Viele Kontinuitäten ergaben auch DOMINIK SCHMOLLS (Saarbrücken) Untersuchungen zum Saarland unter französischem Einfluss 1918–20. Dieses galt ab 1920 als „Mandatsgebiet des Völkerbundes“, wobei die Besetzung der zuständigen Kommission vor allem durch das französische Außenministerium erfolgte. Zwar sahen die französischen Behörden die Rolle der deutschen Beamten und Beamtinnen kritisch, standen diese doch für die Verbreitung pan-germanischer Gedanken, doch gab es außer ein paar Versuchen, unliebsame Beamte loszuwerden, keine größeren „Säuberungen“. Eine Ausnahme bildet hier die Absetzung des Landrats von Saarbrücken und vieler anderer Bürgermeister nach dem Spartakusaufstand 1919. Ein interessanter Aspekt war zudem die Weiterverwendung von altem Briefpapier, von welchem lediglich das für „königlich“ stehende „k“ weggestrichen wurde, ein Beispiel für dingliche Kontinuitäten.

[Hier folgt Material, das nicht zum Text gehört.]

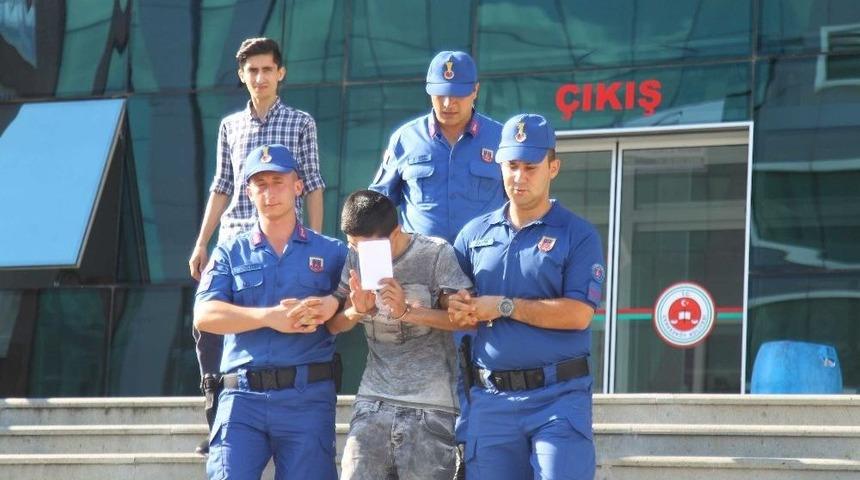 İ&ccedil; &Ccedil;amaşırından 50 Fişek Eroin &Ccedil;ıktı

Die Vortragsrunde am zweiten Tag des Workshops eröffnete ANA LENA WERNER (München), die im Rahmen ihres Dissertationsprojekts zum bayerischen Justizministerium nach 1945 Kontinuitäten und Umbrüche in der Verwaltungspraxis anhand von juristischen Personalakten vorstellte. Aus den formalen und narrativen, oft schematischen Strukturen dieser „bürokratischen Biografien“ innerhalb von Personalakten könne man entgegen der traditionellen, eher kritischen Meinung zu dieser Quellengattung, Bilder der Justiz und Identitätskonstruktionen ablesen. Die Weiterverwendung und der damit zusammenhängende Glaube an die Weitergeltung dieser Akten auch nach dem Ende der NS-Diktatur spreche für die Kontinuität, die in der Verwaltungspraxis innerhalb des Ministeriums bestand. Für Letztere stelle die „bürokratische Biografie“ eine „Grundkategorie institutioneller Lebensbeschreibung“ dar.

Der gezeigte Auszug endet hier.